Keywords

9.1 Introduction

The field of structural health monitoring is rapidly growing in both publications and necessity. A cursory keyword search of ‘Structural Health Monitoring’ shows an exponential growth in the number of publications containing the phrase since 1985 [1]. The current state of the art in bridge health monitoring focuses on measuring the vibrations and displacements in the bridge structure typically using accelerometers, GPS units, temperature sensors and strain gauges [24]. These sensor are well studied and can be arranged in a multitude of ways to gather precise and useful data. However, none of these sensors measure solely the input forces on the bridge. All of their measurements are of bridge vibration due to the input forces from vehicles. The ability to know the location of the input force on the bridge, especially in real world conditions with multiple vehicles at multiple speeds, is not feasible with the listed sensing packages.

Our system allows for the measurement of the location of multiple vehicles moving at multiple speeds and directions on the bridge. With this information, the measured vibrations and displacements of the bridge can be linked with a known input, which can lead to better modeling and more accurate monitoring of the bridge.

9.2 Vehicle Tracking Algorithm

9.2.1 Types of Vehicle Detection Schemes

Tracking a vehicle on a roadway has been studied and accomplished using a variety of techniques. The techniques fall into two main categories: Shape detection/Template matching or Background-foreground segmentation. Shape Detection or Template Matching is the process of attempting to search for car-like shapes in an image and track those shapes. Template matching is typically used in scenarios where the type of vehicle is important information [5, 6]. The basic process is to generate a library of vehicle templates and then convolve them with the image. The higher the response of the convolution at a particular point, the more likely that particular vehicle exists at that point. The main drawback of a template matching scheme is the necessary processing time to convolve several different template across each video frame.

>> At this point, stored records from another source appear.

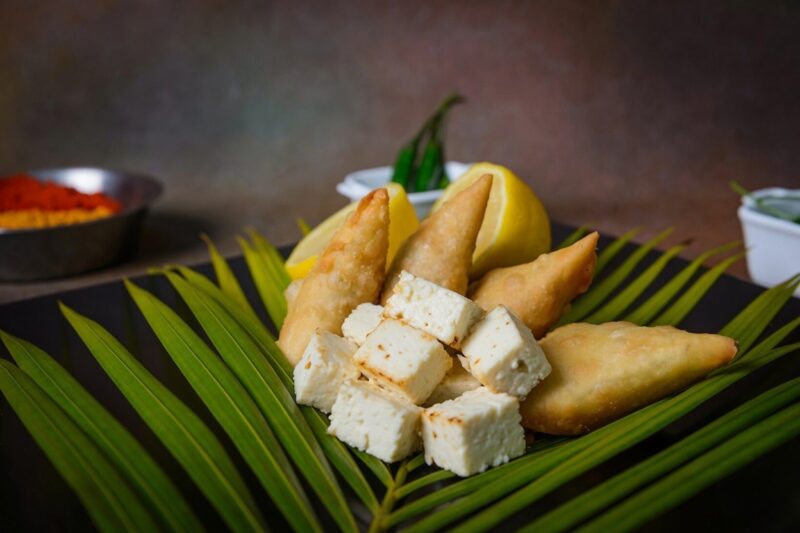 paneer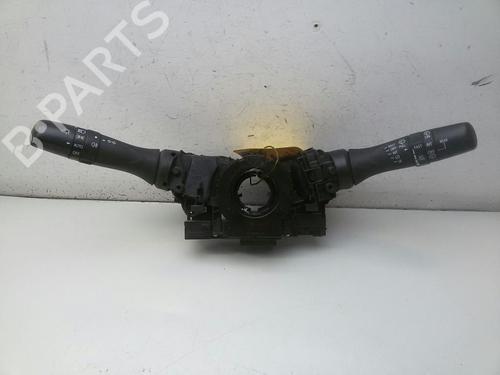 Switch SUZUKI BALENO (FW, EW) 1.2 (A1K412) | BP20557101I30 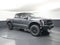 2026 Ford F-150 Raptor 801A
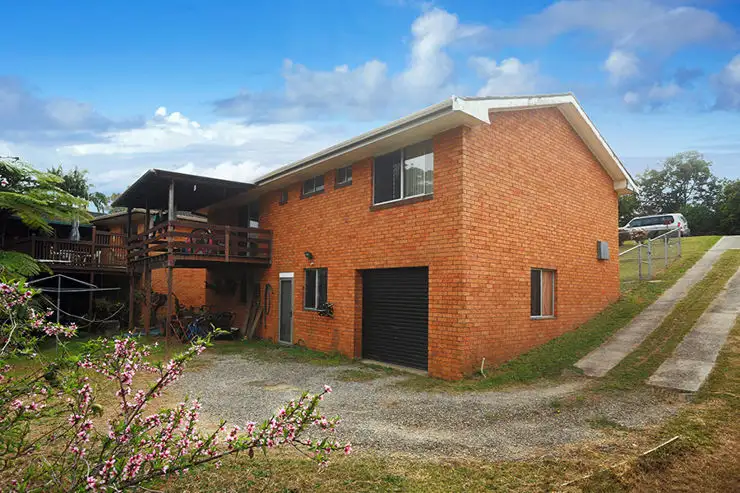 113 Wallace Street, Macksville NSW 2447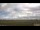 Webcam in Mackay, 734 km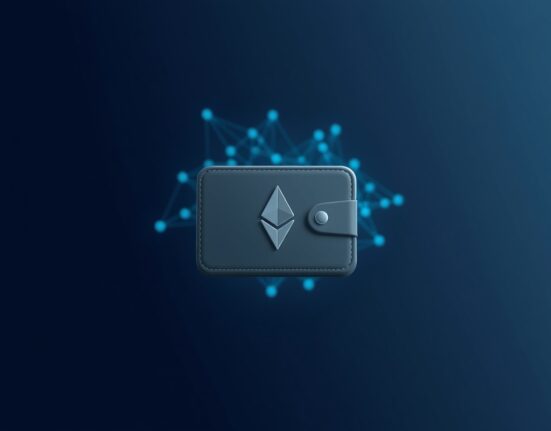 Arbitrum DAO governance vote on returning frozen ETH from Kelp DAO hack through multi-sig wallet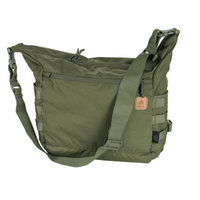 Helikon-Tex Sakwa BUSHCRAFT SATCHEL Oliwkowa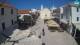 Novalja (Pag) 30.04.2025 16:07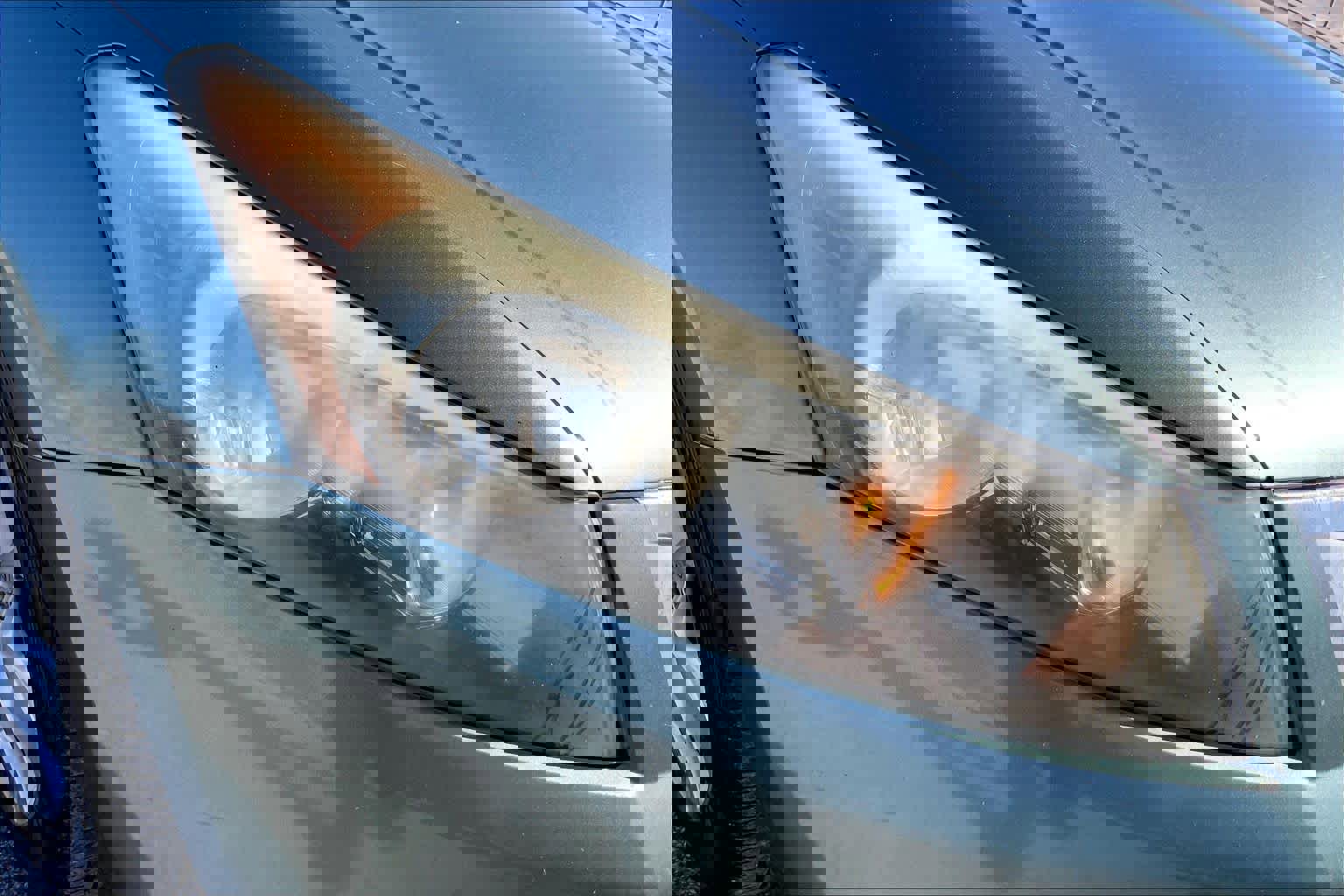 Used 2010 Honda Accord EX-L image 25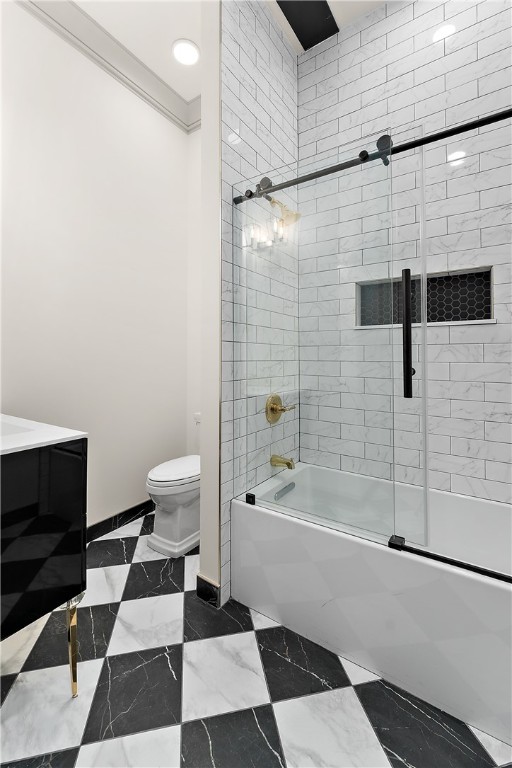 915 Liberty Ave #8, Downtown Pgh, Kentucky image 37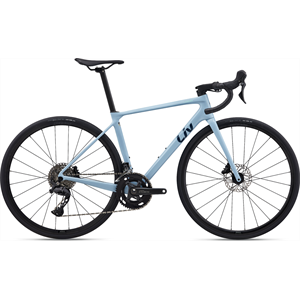 Liv Langma Advanced 3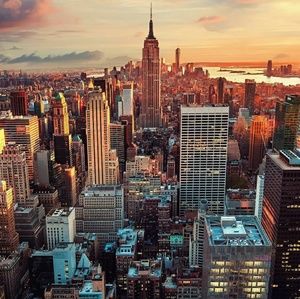 Meet your Posher, Dilyn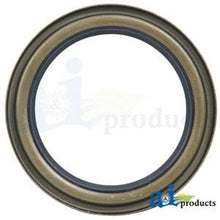 CR27394-I SEAL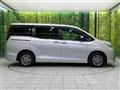 2015 Toyota Esquire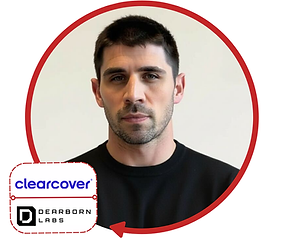 EP 304 - K.NAKATSUJI (3).png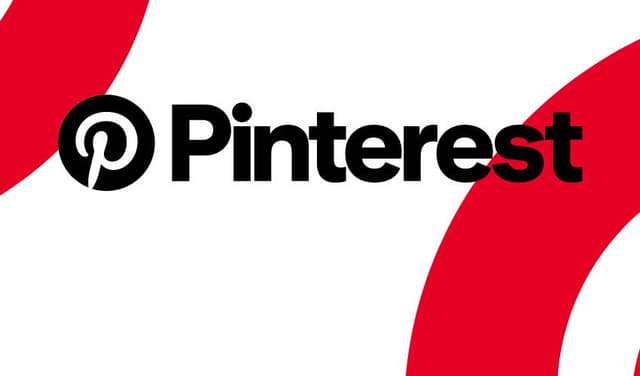 Pinterest launches experimental ‘Ask Pinterest’ app (Courtesy: File)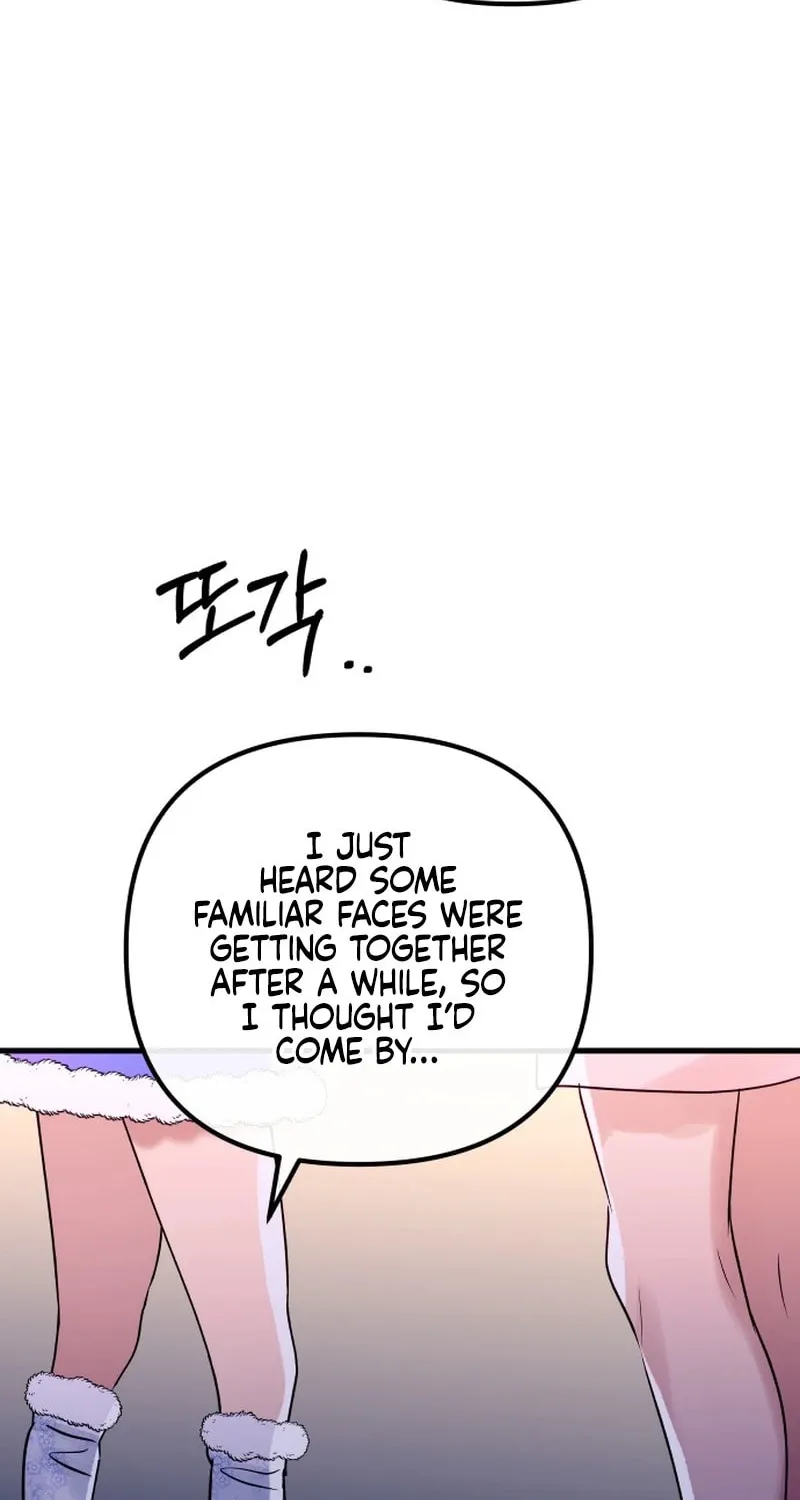 Ctrl X Chapter 10 page 32 - 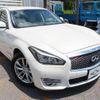 nissan fuga 2016 quick_quick_DAA-HY51_HY51-850919 image 12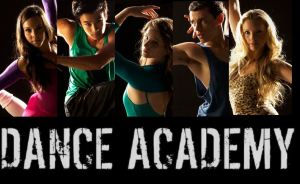 dance-academy-2-dance-academy-30787950-924-568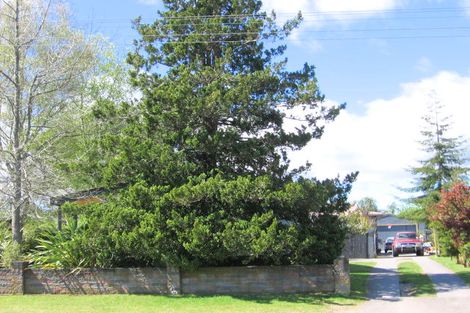 Photo of property in 7 Matipo Street, Taupo, 3330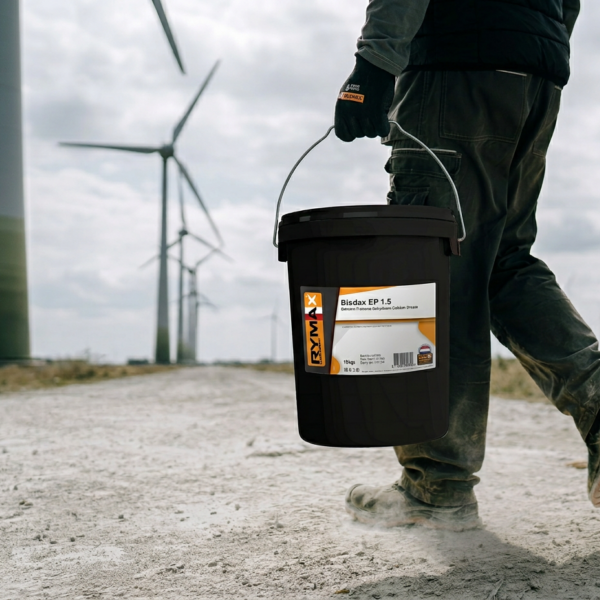 Firefly Gemini Flash replace the product in the image with the new pack shot attached make the surroundin 814212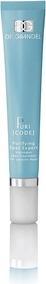 Actual product image Dr Grandel Puricode Purifying Spot Expert (20 ml, Face gel)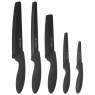 Viners Assure 6 Piece Knife Block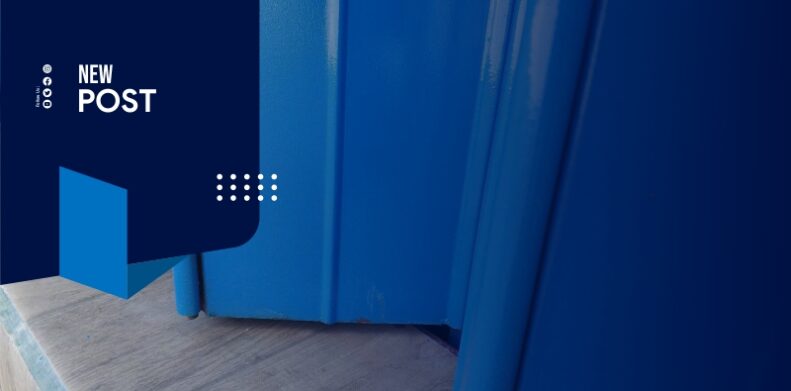 dava teknik artikel folding gate dava teknik artikel folding gate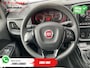 Fiat Doblò Cargo 1.6 MJ 105 pk NL Auto/ 3Pers./ Airco/ Navi/ Cruise/ DAB/ Trekhaak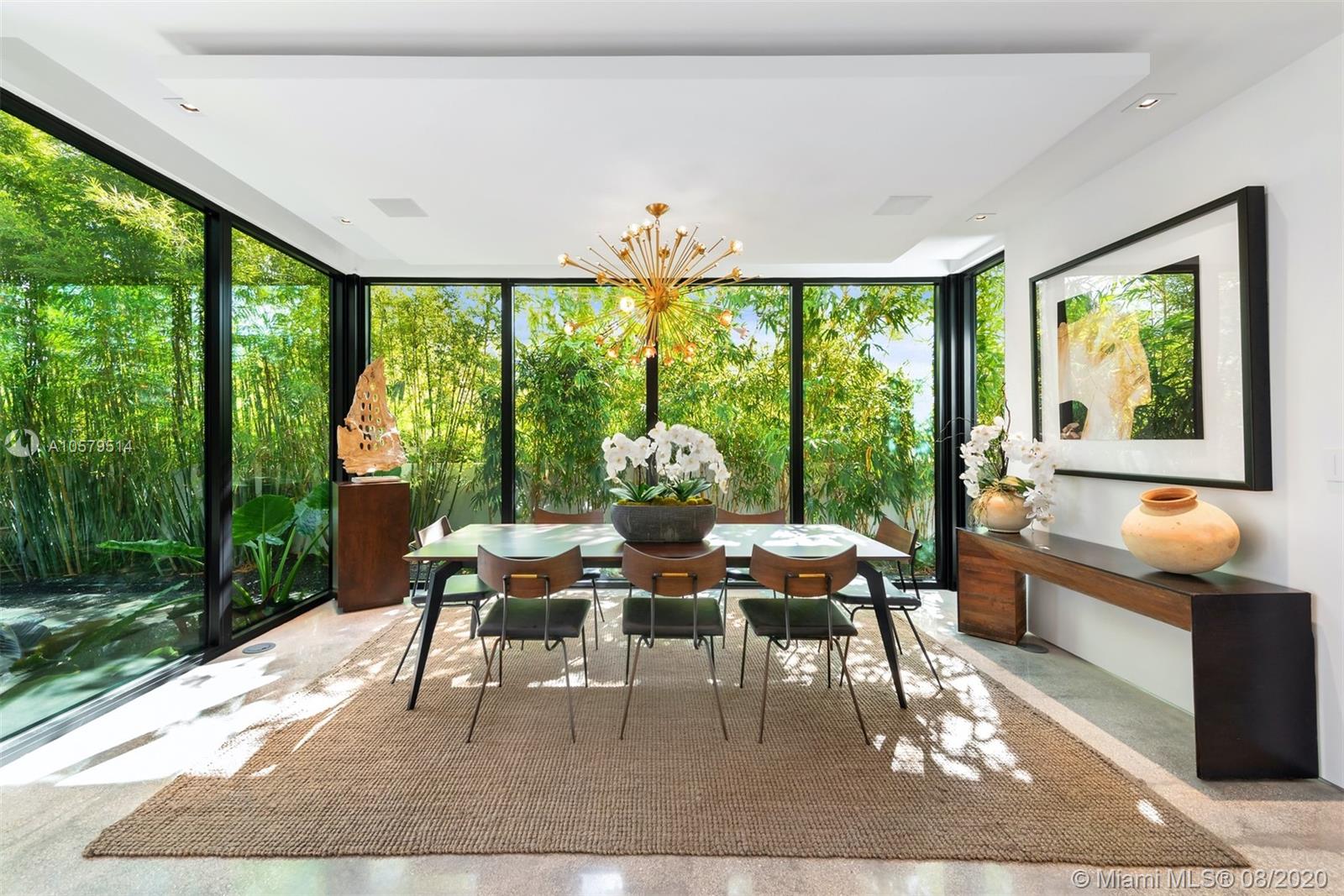 DI LIDO ISLAND - Residential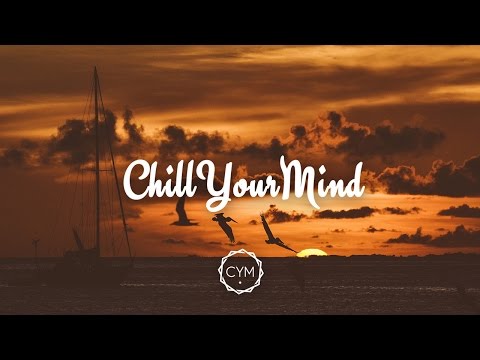 Ludomir - Closing In (ft. Calum Venice) - UCmDM6zuSTROOnZnjlt2RJGQ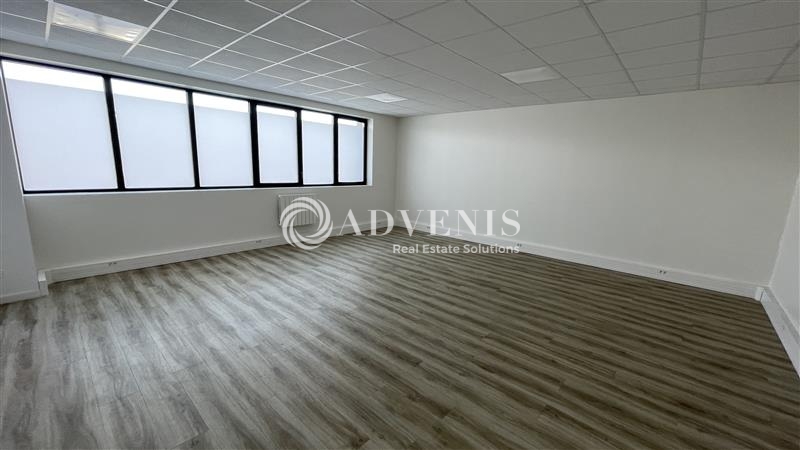 Location Activités Entrepôts COLLEGIEN (77090) - Photo 7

Background-Foreground Segmentation is the process of detecting the statistical properties of pixels in an image over time to create a model of what the background of that image should be [7, 8]. This allows the detection of deviations from that model and can be used to segment the image into a foreground-background set. This method is faster than the template matching method, but it does not detect the type of vehicle, nor if the motion is actually a vehicle. It merely detection deviations from an iteratively updating background model. However, in the context of roadways, most background deviations will be vehicles so this limitation is not significant. Another limitation is that the viewed scene needs to remain mostly static across multiple frames as the background model is iteratively built and updated. As the target use for this algorithm is a stationary camera over a roadway, this limitation is also not an issue. Based on the features of these two methods, we chose to use a background-foreground segmentation to identify the vehicles in the roadway

9.2.2 Overview of Vehicle Location Algorithm

The proposed vehicle location algorithm has two main components. First, the bridge image is marked by the researcher with a region of interest (ROI) and the width and length of that region is provided. This information is used to create a projective transformation between the bridge image and the defined ROI. This transformation is used to project the locations of the detected vehicles to coordinates inside the rectangular ROI. This is discussed in more detail in Sect. 9.2.3.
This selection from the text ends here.